Sometimes, you may need to read/write at a specific offset. You can achieve it via lseek and then read/write. But that's two system calls. You can achieve same effect via pread/pwrite.

 #include <unistd.h>
ssize_t pread(int fd, void *buf, size_t count, off_t offset);
ssize_t pwrite(int fd, const void *buf, size_t count, off_t offset);

Attention, pread/pwrite won't update offset of file descriptor while read/write will.

readv/writev and preadv/pwritev

The v in readv/writev means vector. They can read/write a vector of buffers to a file descriptor sequentially in just one system call atomically. Of course, you can do it in userspace using a for loop of read/write. But that will use too much system calls and is not atomic.

 #include <sys/uio.h>
ssize_t readv(int fd, const struct iovec *iov, int iovcnt);
ssize_t writev(int fd, const struct iovec *iov, int iovcnt);
ssize_t preadv(int fd, const struct iovec *iov, int iovcnt, off_t offset);
ssize_t pwritev(int fd, const struct iovec *iov, int iovcnt, off_t offset);

struct iovec {
    void  *iov_base;    /* Starting address */
    size_t iov_len;     /* Number of bytes to transfer */
};

The iovcnt is length of vector. It's easy to understand that you may get short read/write. But attention, the short read/write may lead to that a single iovec is partially read or write. So you need to check the returned read/write bytes to deal with short read/write.

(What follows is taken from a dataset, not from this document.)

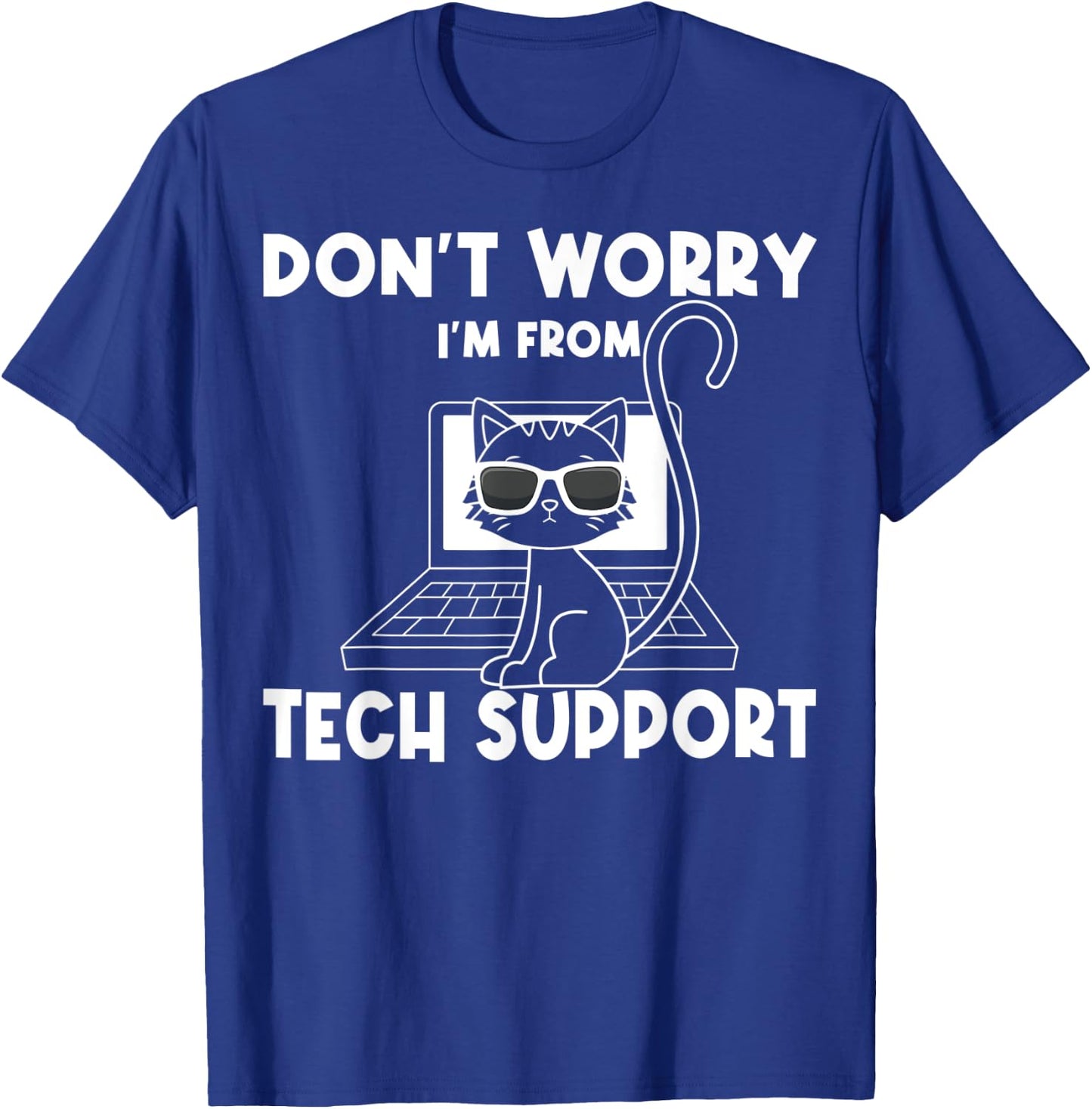 Tech Support Help Desk Information Technology Call Center T-Shirt - T-Shirt | Royal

The preadv/pwritev is combination of pread/pwrite and readv/writev. It supports an extra offset argument.

fread/fwrite

fread/fwrite are different from above io apis. They are not system calls. They are userspace utils implemented in libc. They can read/write buffer to an array of fixed size element. They return number of items read or write. Attention here, not bytes but number of items.

 #include <stdio.h>
size_t fread(void *ptr, size_t size, size_t nmemb, FILE *stream);
size_t fwrite(const void *ptr, size_t size, size_t nmemb, FILE *stream);

They are very useful in the case that you don't want to deal with a partial read/write struct. You may get short read or write. But the minimum unit is item but not byte. There is no short read/write of a single item.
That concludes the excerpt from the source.